When the packaging technology is still in its infancy, the lamp system design becomes even more critical. Lamp producers must now concentrate their efforts on figuring out how to maximize chip life and light quality. “Heat” is the primary influencer of the above. Each chip has a node temperature, which should be regulated within 85 ° C to provide the optimal operating condition of the device. How can we make sure that heat from the chip, aluminum substrate, heat conducting material, and the radiator can be transported easily and effectively to the surrounding environment?
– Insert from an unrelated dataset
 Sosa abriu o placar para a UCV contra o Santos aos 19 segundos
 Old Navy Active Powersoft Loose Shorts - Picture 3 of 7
In addition to the meticulous design of the construction of each link by the engineer, the material selection and process treatment of each link should be thoroughly examined and tested to reach the optimal functioning condition. How can we make sure that heat from the chip, aluminum substrate, heat conducting material, and the radiator can be transported easily and effectively to the surrounding environment. In addition to the meticulous design of the construction of each link by the engineer, the material selection and process treatment of each link should be thoroughly examined and tested to reach the optimal functioning condition.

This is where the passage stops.